■ **WHAT THE EXERCISE ASKS**
Where the line containing "Πτυσσόμενος ρυθμιζόμενος πάγκος" appears below, start there and repeat each line exactly to the end. Leave the pictures out.

■ **DATA EXTRACT**

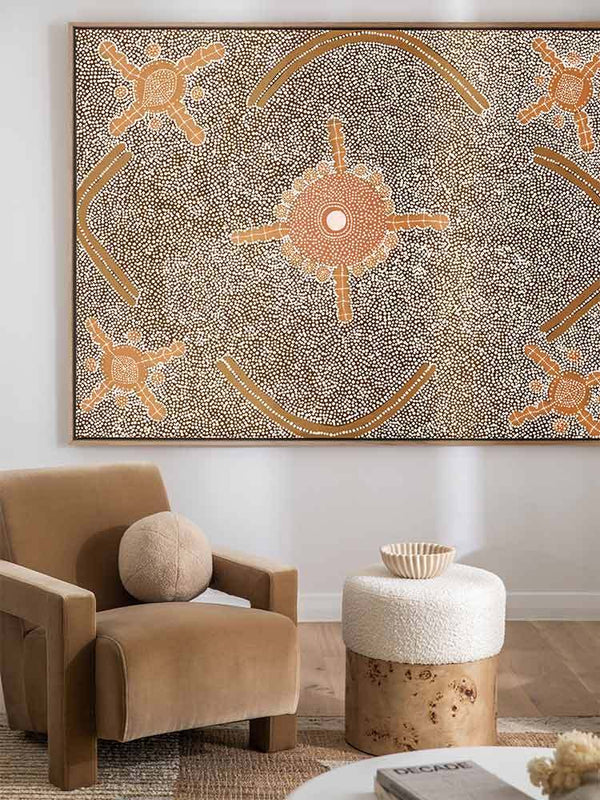 Mina Mina Jukurrpa IX Canvas Art Print | Lifestyle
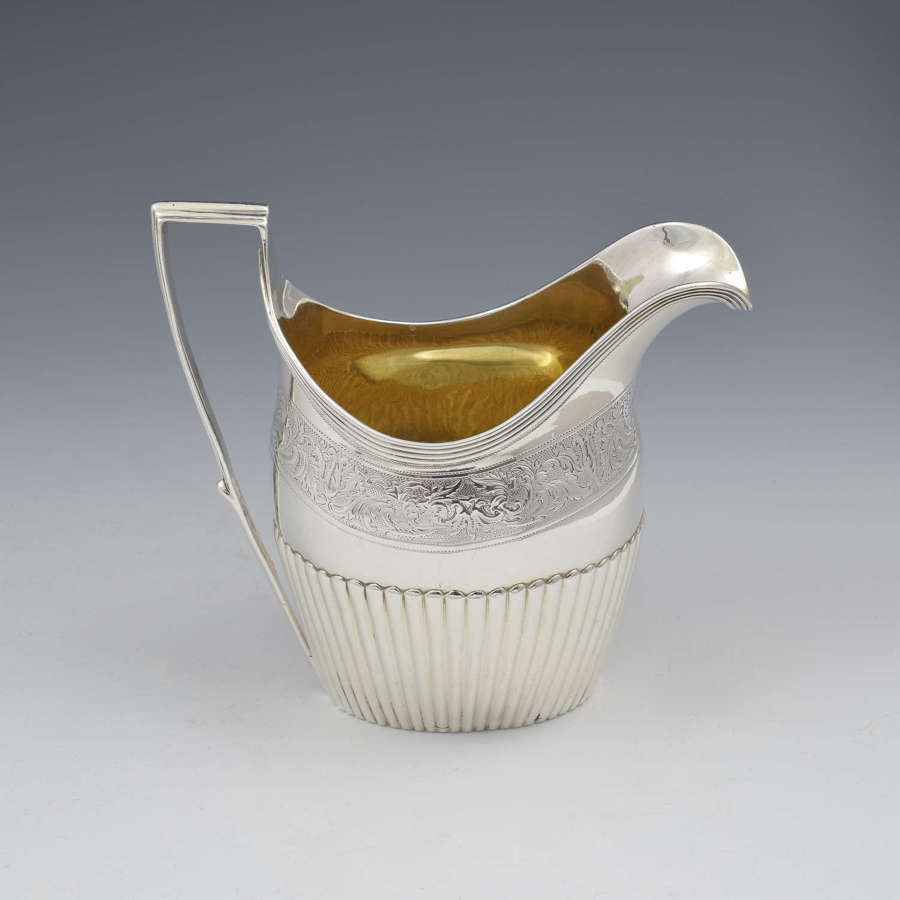 Georgian Silver Cream Jug London 1799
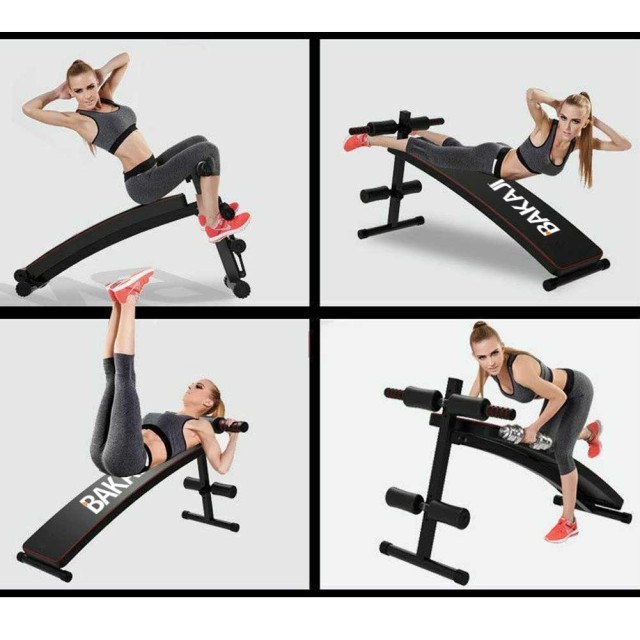 BAKAJI  Πτυσσόμενος ρυθμιζόμενος πάγκος προπόνησης κοιλιακών ασκήσεων γυμναστικής στο σπίτι  02826189
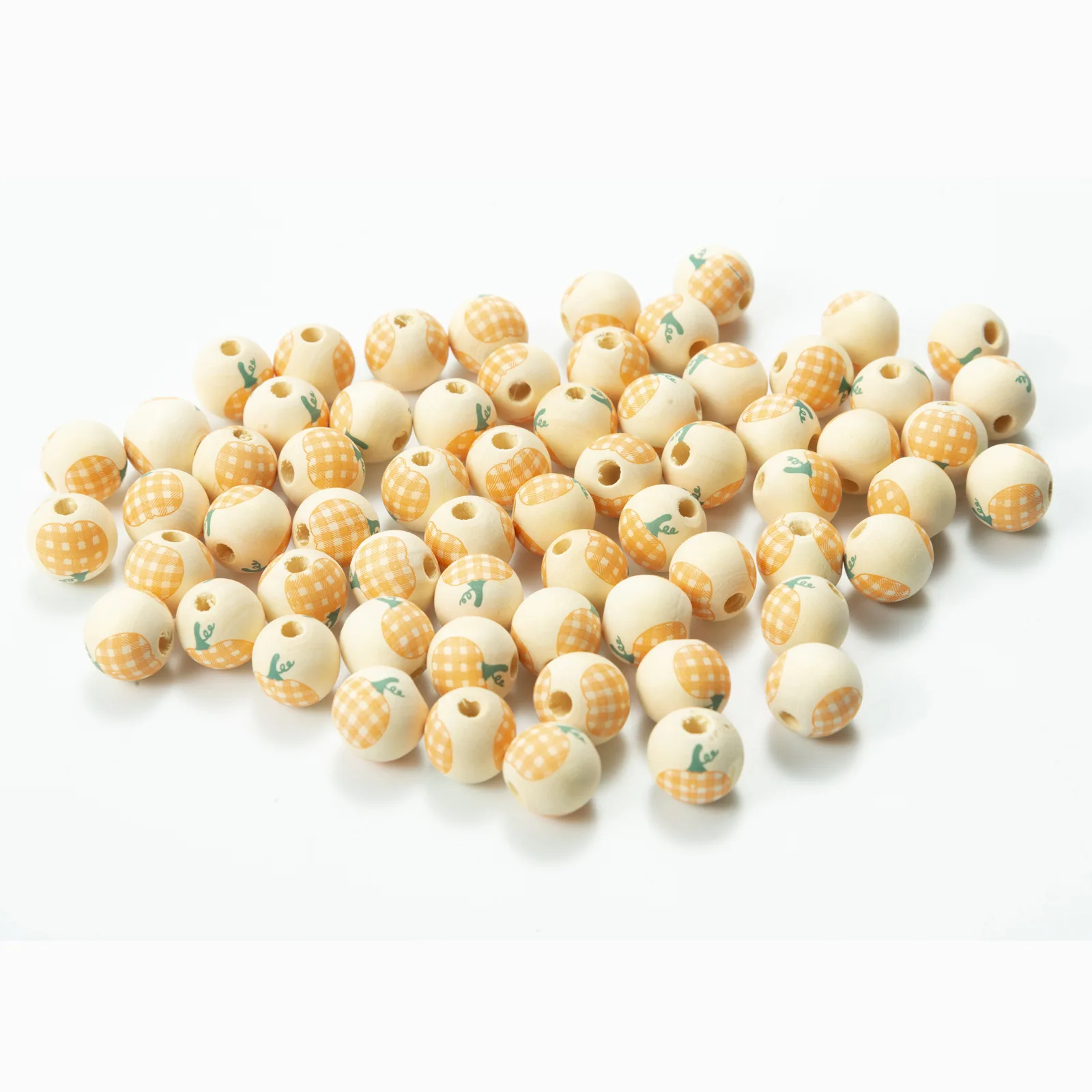 20 шт. деревянные бусины для Хэллоуина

■ **PROBLEM SOLUTION**
 BAKAJI  Πτυσσόμενος ρυθμιζόμενος πάγκος προπόνησης κοιλιακών ασκήσεων γυμναστικής στο σπίτι  02826189
 20 шт. деревянные бусины для Хэллоуина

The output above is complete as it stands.